Zielkonflikte werden ausgeblendet
Freiflächenanlagen entstehen oft auf ehemals landwirtschaftlich genutzten Flächen. Der damit verbundene Verlust an Ackerland wird in der Studie zwar angedeutet, aber nicht systematisch thematisiert – obwohl genau hier eine der zentralen Fragen liegt: Wird die Artenvielfalt innerhalb des Solarzauns auf Kosten der Biodiversität anderswo erkauft?
Fazit
Die BNE-Studie liefert einen interessanten Einblick in die Artenvielfalt innerhalb von Solarparks – doch sie genügt nicht den Anforderungen an eine objektiv-wissenschaftliche Bewertung. Ohne Vergleichsdaten, ohne Reproduktionsnachweise und ohne langfristige Betrachtung lassen sich keine belastbaren Aussagen über die ökologische Wirkung treffen.

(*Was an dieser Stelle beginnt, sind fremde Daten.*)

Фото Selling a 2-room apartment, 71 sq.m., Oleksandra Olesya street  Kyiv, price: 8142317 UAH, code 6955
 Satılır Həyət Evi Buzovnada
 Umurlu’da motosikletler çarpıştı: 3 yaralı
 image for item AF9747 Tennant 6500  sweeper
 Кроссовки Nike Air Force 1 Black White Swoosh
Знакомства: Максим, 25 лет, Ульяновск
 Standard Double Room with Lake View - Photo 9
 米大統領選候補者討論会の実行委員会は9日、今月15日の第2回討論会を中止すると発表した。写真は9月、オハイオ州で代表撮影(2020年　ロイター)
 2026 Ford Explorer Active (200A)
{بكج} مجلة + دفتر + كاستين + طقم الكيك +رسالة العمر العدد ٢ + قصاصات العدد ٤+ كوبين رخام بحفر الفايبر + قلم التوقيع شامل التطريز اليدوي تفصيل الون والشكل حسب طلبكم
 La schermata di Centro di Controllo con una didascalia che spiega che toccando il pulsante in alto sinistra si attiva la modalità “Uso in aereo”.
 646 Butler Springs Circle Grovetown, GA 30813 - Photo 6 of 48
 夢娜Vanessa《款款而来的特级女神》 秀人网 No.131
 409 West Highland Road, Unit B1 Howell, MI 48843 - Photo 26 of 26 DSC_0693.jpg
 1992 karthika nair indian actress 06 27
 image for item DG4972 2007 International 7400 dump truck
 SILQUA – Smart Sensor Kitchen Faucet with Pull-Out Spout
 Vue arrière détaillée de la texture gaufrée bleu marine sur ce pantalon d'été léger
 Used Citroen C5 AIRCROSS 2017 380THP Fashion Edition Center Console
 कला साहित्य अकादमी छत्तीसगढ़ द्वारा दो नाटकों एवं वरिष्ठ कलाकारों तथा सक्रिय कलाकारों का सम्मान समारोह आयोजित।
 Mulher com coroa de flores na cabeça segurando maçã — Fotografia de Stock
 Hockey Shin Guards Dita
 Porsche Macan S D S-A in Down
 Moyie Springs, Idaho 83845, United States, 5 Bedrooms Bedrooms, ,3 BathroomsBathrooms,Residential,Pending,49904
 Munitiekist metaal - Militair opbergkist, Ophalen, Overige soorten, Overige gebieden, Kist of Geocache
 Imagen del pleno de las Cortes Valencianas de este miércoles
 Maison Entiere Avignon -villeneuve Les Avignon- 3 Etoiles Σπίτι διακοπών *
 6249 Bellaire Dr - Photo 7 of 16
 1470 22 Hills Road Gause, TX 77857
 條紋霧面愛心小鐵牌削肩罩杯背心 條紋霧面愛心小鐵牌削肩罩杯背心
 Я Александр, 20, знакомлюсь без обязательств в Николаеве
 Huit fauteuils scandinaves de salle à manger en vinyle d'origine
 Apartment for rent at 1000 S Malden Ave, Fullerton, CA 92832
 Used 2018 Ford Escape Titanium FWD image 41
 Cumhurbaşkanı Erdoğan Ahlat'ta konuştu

Solarparks können einen Beitrag zur Biodiversität leisten – aber nur unter klar definierten Bedingungen. Dazu gehören:
- Strukturvielfalt
- extensive Pflege
- geeignete Standortwahl
- Monitoring
Ein Freibrief für den Ausbau auf wertvollen Offenlandflächen kann aus dieser Studie nicht abgeleitet werden.
Titelbild: DALL-E
Hintergrundwissen für Einsteiger:innen:
Als Artenvielfalt bezeichnet man die Anzahl und Unterschiedlichkeit von Tier- und Pflanzenarten in einem Gebiet. In Solarparks entstehen durch wenig genutzte Flächen unter den Modulen potenziell neue Lebensräume – z. B. für Wildbienen, Heuschrecken oder bodenbrütende Vögel.
Doch Achtung: Nur weil viele Arten gezählt werden, heißt das nicht automatisch, dass der Lebensraum ökologisch wertvoll ist. Entscheidend ist, ob die Arten dauerhaft bleiben, sich vermehren und ob es sich um gefährdete Arten handelt.